Governo Trump anuncia novas sanções contra brasileiros 11 dias depois da condenação de Jair Bolsonaro


Governo Trump anuncia novas sanções contra brasileiros 11 dias depois da condenação de Jair Bolsonaro
Reprodução/TV Globo
O governo americano aplicou nesta segunda-feira (22) sanções à mulher do ministro do STF Alexandre de Moraes usando a Lei Magnitsky, que prevê punições econômicas a pessoas que violam os direitos humanos.
O Departamento do Tesouro explicou assim a sanção:
“Viviane está sendo sancionada por ser, ou ter sido, líder ou funcionária do Instituto Lex.”
O documento afirmou:
“O Instituto Lex está sendo punido por ter patrocinado ou fornecido apoio financeiro, material ou tecnológico, bens ou serviços em apoio a Moraes — cujos bens e interesses patrimoniais estão bloqueados de acordo com essa lei.”
Com isso, todos os bens de Viviane, que estejam nos Estados Unidos ou em posse ou sob controle de empresas ou instituições americanas, ficam bloqueados. Ela também está proibida de realizar transações com empresas ou bancos americanos. E foi banida de entrar em território americano. O visto dela já tinha sido suspenso em julho.
Essa lei foi sancionada em 2012, no governo do presidente Barack Obama, e batizada em homenagem ao advogado russo Sergey Magnitsky. Ele morreu na prisão depois de revelar um mega esquema de fraude fiscal entre autoridades russas. A lei puniu os responsáveis pela prisão de Magnitsky. Alguns anos depois, passou a ser aplicada no mundo todo, contra indivíduos e organizações acusados de cometer graves violações de direitos humanos e corrupção.
A lista inclui ditadores como Aleksandr Lukashenko, presidente de Belarus, no poder há 31 anos e reeleito em janeiro em eleições não reconhecidas pela União Europeia. Os filhos e a mulher dele, também.
Sobre a decisão desta segunda-feira (22), o secretário do Tesouro dos Estados Unidos, Scott Bessent, declarou em nota: “O Tesouro vai continuar a ir atrás de indivíduos que fornecem apoio material a Alexandre de Moraes enquanto ele viola os direitos humanos.”
Questionado sobre a aplicação da lei a Viviane Barci de Moraes, Bessent disse que “não há Clyde sem Bonnie” – uma referência ao casal de assaltantes que praticou uma onda de crimes nos Estados Unidos nos anos 1930.
O secretário de estado americano, Marco Rubio, afirmou que “essas sanções se baseiam em uma série de ações tomadas pelo Governo Trump para responsabilizar Moraes por abuso de autoridade, criação de um complexo de censura, ataque flagrante a oponentes políticos e prática de graves violações de direitos humanos. Aqueles que protegem e permitem que atores estrangeiros como Moraes ameacem os interesses dos Estados Unidos também serão responsabilizados.”
Um dos coautores da Lei Magnitsky, o deputado democrata James McGovern, já criticado a aplicação da lei como instrumento político do governo Trump. Nesta segunda-feira, o porta-voz do deputado disse em nota que Donald Trump está usando a lei para proteger aliados políticos no Brasil, que tentaram derrubar violentamente seu próprio governo.
O gabinete declarou que as sanções são arbitrárias — e representam uma inversão vergonhosa da Lei Magnitsky — que vão corroer ainda mais os padrões da democracia e do Estado de Direito nos Estados Unidos e em todo o mundo.
O anúncio das sanções era esperado desde 11 de setembro, quando a Primeira Turma do STF condenou Jair Bolsonaro a 27 anos de prisão por liderar a tentativa de golpe.

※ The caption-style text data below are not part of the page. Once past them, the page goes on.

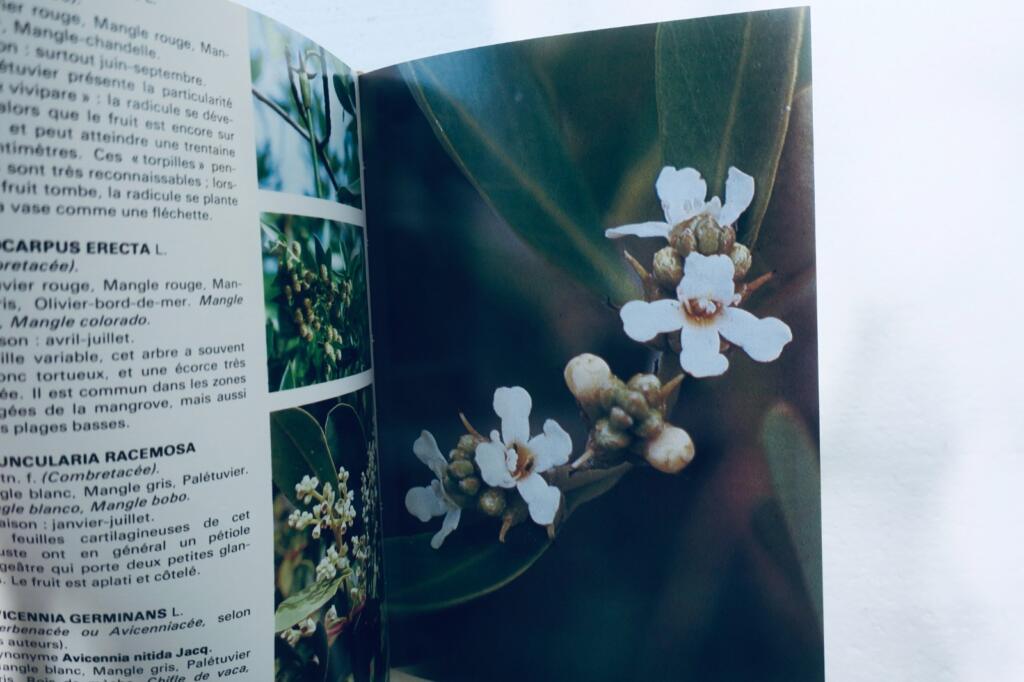 antilles FOURNET FLEURS ET PLANTES DES ANTILLES. LES EDITIONS DU PACIFIQUE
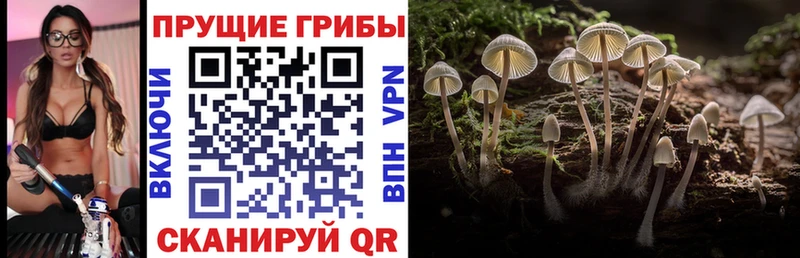 купить наркоту  Куйбышев  Галлюциногенные грибы Psilocybe 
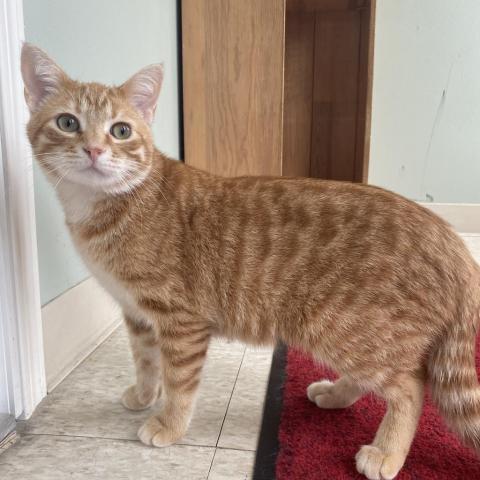 Mac, an adoptable Domestic Short Hair in Milford, IA, 51351 | Photo Image 2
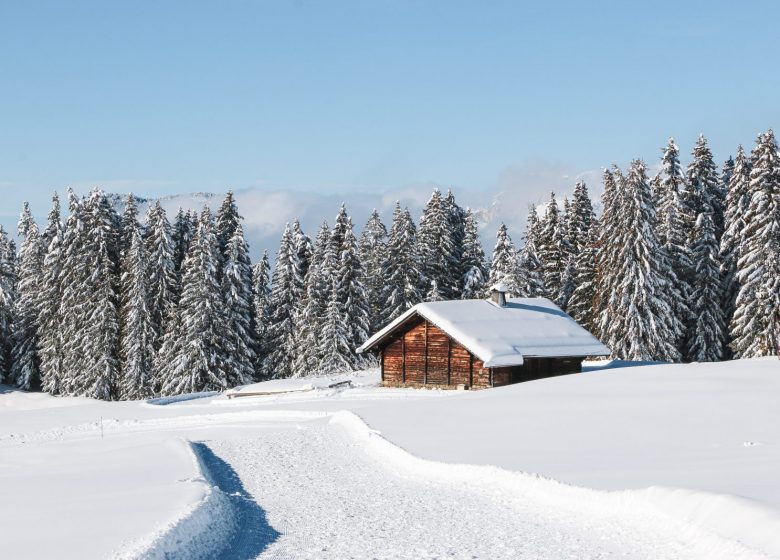 Chalet au Plateau de Beauregard en hiver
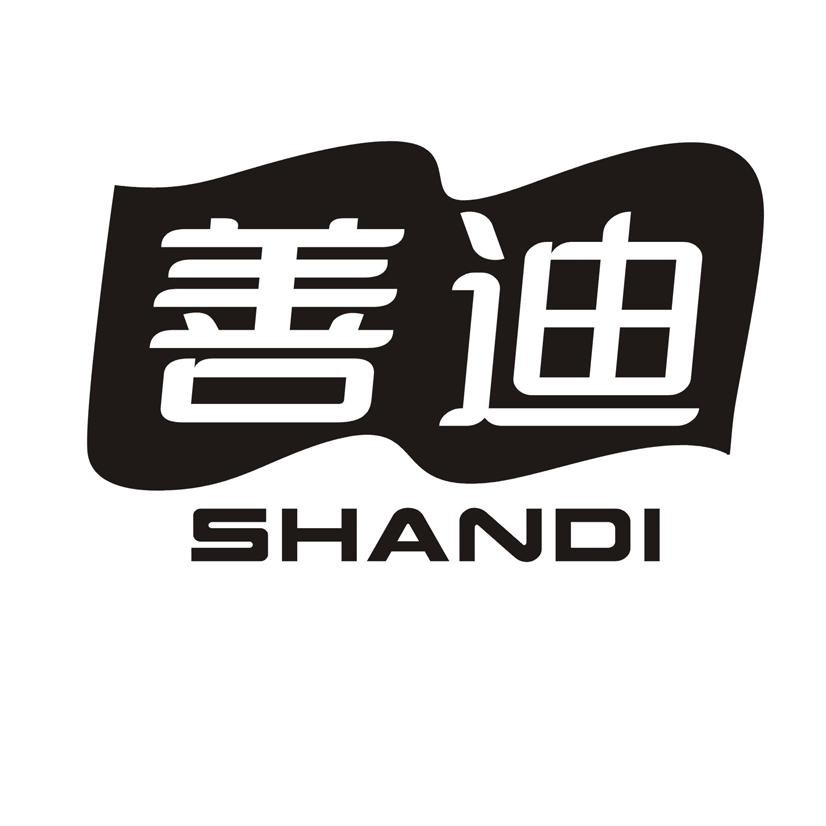 善迪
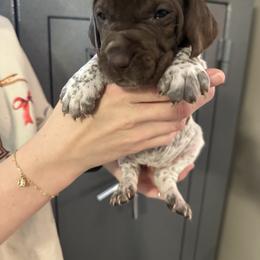 Lizzy - Liver roan female German Shorthaired Pointer puppy in Bainbridge, Georgia from Chapman Bird Dogs
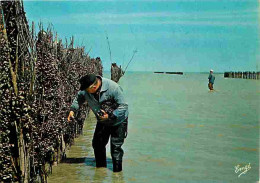 50 - Le Mont Saint Michel - La Récolte Des Moules Sur Bouchots Dans La Baie - Carte Neuve - CPM - Voir Scans Recto-Verso - Le Mont Saint Michel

O filho dele, Eduardo, esteve várias vezes na Casa Branca, também nos Departamentos do Tesouro e de Estado antes mesmo da condenação para pedir a autoridades americanas a aplicação das sanções contra Alexandre de Moraes e outros envolvidos no julgamento. Eduardo também pediu o cancelamento de vistos de autoridades brasileiras.

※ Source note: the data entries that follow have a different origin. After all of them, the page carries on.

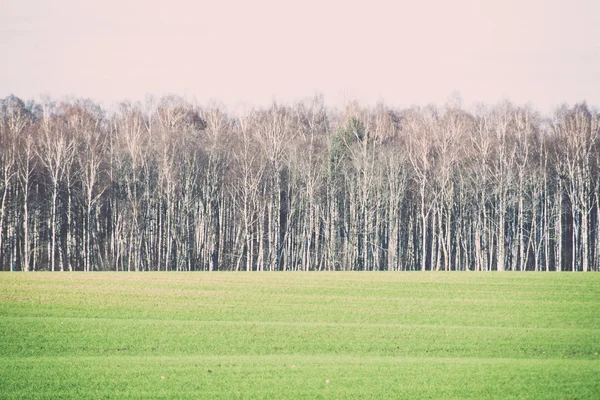 Belle prairie verte dans la brume épaisse - rétro, vintage — Photo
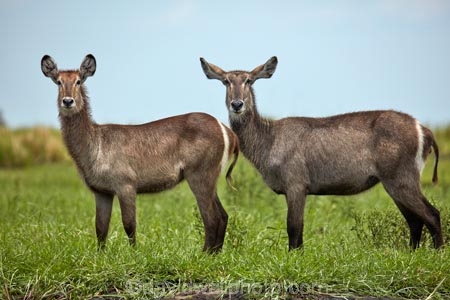 Africa;African;animal;animals;antelope;antelopes;Botswana;Chobe-N.P.;Chobe-National-Park;Chobe-NP;Chobe-River;Chobe-River-boat-trip;Chobe-River-boat-trips;Chobe-River-cruise;Chobe-River-cruises;common-waterbuck;common-waterbucks;ellipsen-waterbuck;ellipsen-waterbucks;female;Kasane;Kobus-ellipsiprymnus;Kobus-ellipsiprymnus-ellipsiprymnus;male;mammal;mammals;national-park;national-parks;natural;nature;reserve;reserves;safari;safaris;Southern-Africa;water-buck;water-bucks;Waterbick;waterbuck;waterbucks;wild;wilderness;wildlife;wildlife-park;wildlife-parks;wildlife-reserve;wildlife-reserves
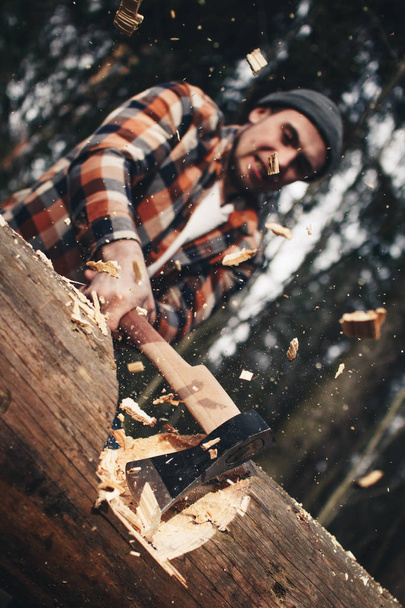 Serious lumberjack in a plaid ruach and hat is chopping a big tree with an ax - Foto, afbeelding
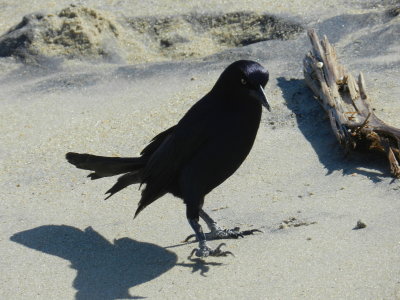 Grackle Boat Tailed OBX 2012 a.jpg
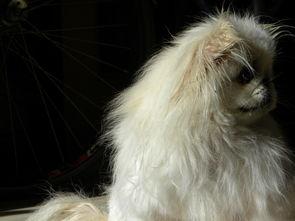 狗抓兔视频,萌态可掬的捕猎奇观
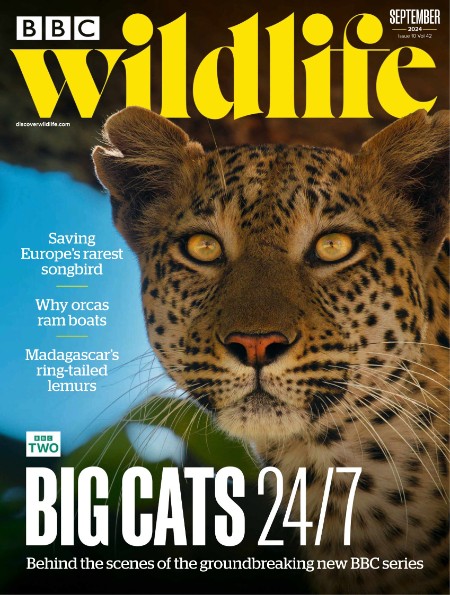 BBC Wildlife - September 2024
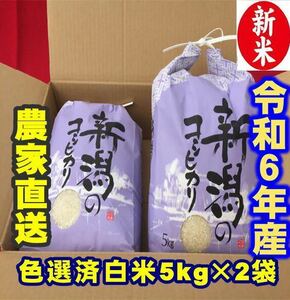 新米　令和6年産　新潟コシヒカリ　白米5kg×2個★農家直送★色彩選別済22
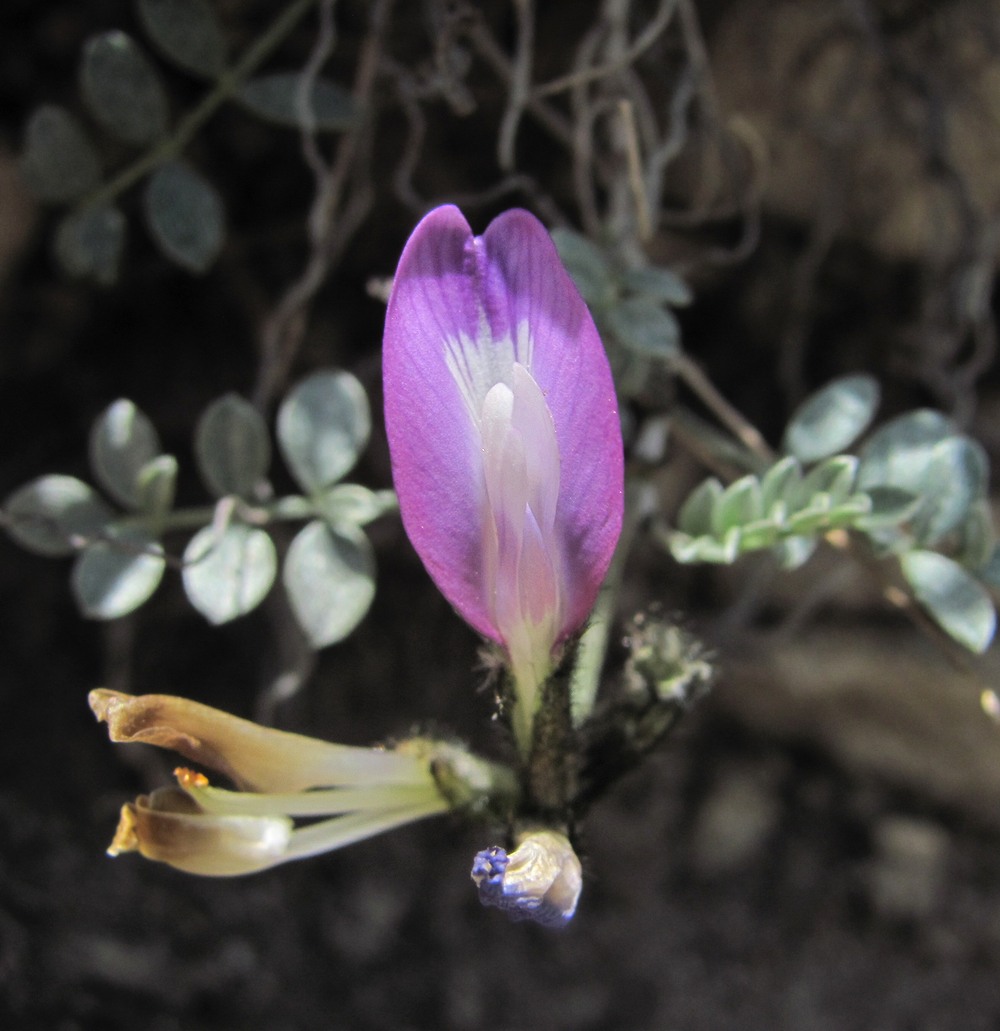 Image of Astragalus fissuralis specimen.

Nesta segunda-feira (22), o Departamento de Estado anunciou a revogação dos vistos de sete autoridades brasileiras e seus parentes – inclusive o advogado-geral da União, Jorge Messias. A chefe de gabinete de Alexandre de Moraes, Cristina Yukiko Kusahara Gomes; o ex-advogado-geral da União José Levi; os atuais e ex-integrantes do gabinete do ministro Alexandre de Moraes no Tribunal Superior Eleitoral e no Supremo Tribunal Federal, os juízes Airton Vieira, Marco Antonio Martin Vargas e Rafael Henrique Janela Tamai Rocha; além do ministro do Superior Tribunal de Justiça, Benedito Gonçalves, que foi relator da ação que tornou Bolsonaro inelegível no TSE por abuso de poder político e uso indevido de meios de comunicação.